# Thread: help starting a triple integral/center of mass problem

1. ## help starting a triple integral/center of mass problem

i need help setting up the integral expressions to compute the centroid please!
the solid bounded by the paraboloids z=1+x^2+y^2 and z=5-x^2-y^2 with density proportional to the distance from the plane z=5
so i need to find the boundaries for x,y, and z, which i think i can do if i set x=0 then y=0?
my main problem is figuring out how to put the density into an equation. i think it has to do with the distance formula. f(x,y,z)= k* sqrt of 5? any hints would help a ton! thanks!

2. I tried to do this problem last night but ended up getting swamped by calculations. One way to find the answer is to switch to cylindrical coordinates:

\displaystyle \begin{aligned} x&=r\cos\theta\\ y&=r\sin\theta\\ z&=z \end{aligned}

so that the equations for the paraboloids become

$\displaystyle z=1+r^2$
$\displaystyle z=5-r^2.$

Solving for the intersection of the two gives us

\displaystyle \begin{aligned} 1+r^2&=5-r^2\\ 2r^2&=4\\ r^2&=2\\ r&=\sqrt{2} \end{aligned}

for the radius of a circle in the $\displaystyle xy$-plane that bounds the solid.
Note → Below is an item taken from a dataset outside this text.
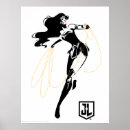 Search for black white pop silhouette art Superhero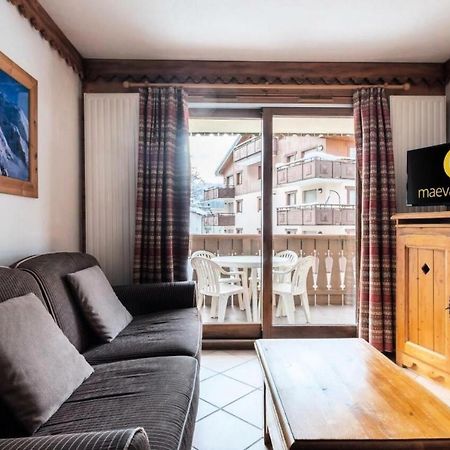Residence La Ginabelle - Maeva Home - Appartement 3 Pieces 6 Personnes - Prestige Mae-2304 Chamonix Dış mekan fotoğraf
Our center of mass for the $\displaystyle z$-coordinate becomes

$\displaystyle z_M=\frac{1}{V}\int_0^{2\pi}\int_0^{\sqrt{2}}\int_ {1+r^2}^{5-r^2} z\cdot k(5-z)\cdot r\,dz\,dr\,d\theta,$

where $\displaystyle V$ is the volume of the solid.

Hint: The $\displaystyle x$- and $\displaystyle y$-coordinates of the center of mass must be zero. Why is this?